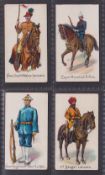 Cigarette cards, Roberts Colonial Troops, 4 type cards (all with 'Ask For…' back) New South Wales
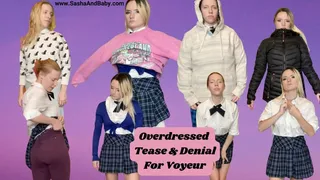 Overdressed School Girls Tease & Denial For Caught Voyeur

* * *

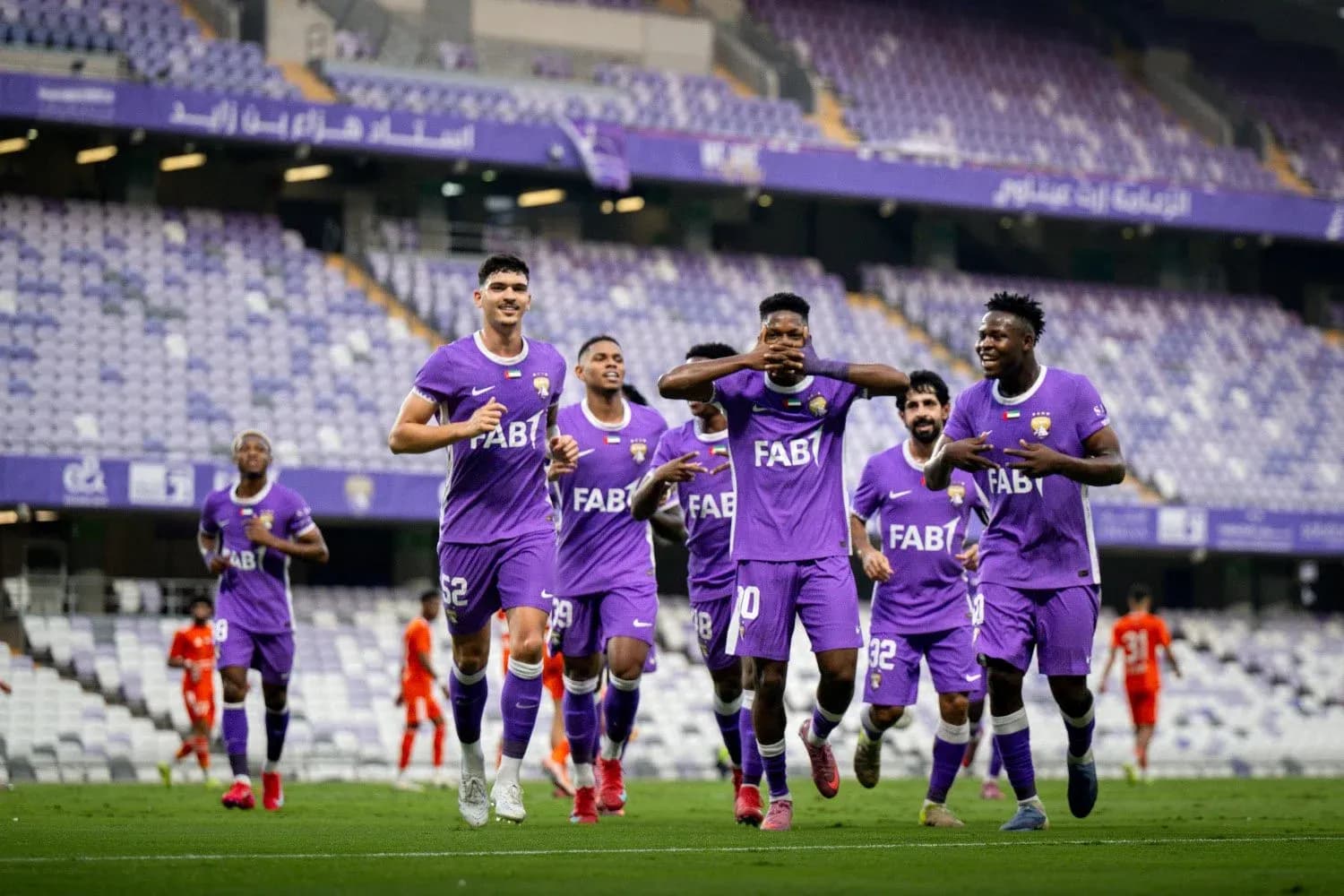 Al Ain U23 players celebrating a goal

▶ **TO DO**
Copy needed, without pictures: the lines of the listing above from the line containing "Cigarette cards, Roberts" up to and including the line containing "Overdressed School Girls", set down exactly.

▶ **SOLUTION**
 Cigarette cards, Roberts Colonial Troops, 4 type cards (all with 'Ask For…' back) New South Wales
 Overdressed School Girls Tease & Denial For Caught Voyeur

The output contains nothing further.